CletiusMaximus
Footballguy
In Wisconsin, the context is important. In the Spring election, I was pissed off that our State Supreme Court, and later the SCOTUS, refused to consider reasonable accommodations our governor wanted to put in place. I had to wait in line wearing a mask for 4 hours, about 3 hours and 45 minutes longer than I've ever had to wait to vote. However, this time around there are already numerous accommodations in our state election process. I had my ballot about a month ago and could have mailed it in any time. We left ours at a drop box about a week ago - they are all over town and open 24/7. Early voting already started and will be open for a full two weeks prior to election day. Kavanaugh and Gorsuch both harped on these factors. If anyone is dropping a ballot in the mail today or after today, with all we know, it really is somewhat on them. Personally, I am pretty comfortable with the notion that a federal judge shouldn't be changing state election procedures 8 weeks before the election, unless there is something really very egregious going on that violates the federal constitution.I'm firmly in the "we should follow the rules as they were written" camp when it comes to this sort of stuff.
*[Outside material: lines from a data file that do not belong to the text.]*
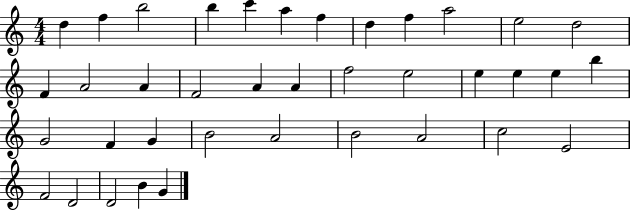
X:1
T:Untitled
M:4/4
L:1/4
K:C
d f b2 b c' a f d f a2 e2 d2 F A2 A F2 A A f2 e2 e e e b G2 F G B2 A2 B2 A2 c2 E2 F2 D2 D2 B G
But if I was going to steel-man an argument for the other side, I would argue that election rules are kind of like contracts -- they're always incomplete. Weird contingencies that nobody ever anticipated arise, or rules start working perversely in ways that nobody expected, and you need someone to step in and make sure that the overall intent of the system isn't going off the rails. So under normal circumstances, it would be fine to set election day as a hard deadline (it is, by its nature, a hard deadline after all), but covid has thrown everything for a loop and maybe we need to reevaluate whether that particular rule still "works" in our current situation.
Like I said, I don't agree with that view because I think it opens the door to motivated, results-based reasoning, but it's not a dumb or crazy position to take.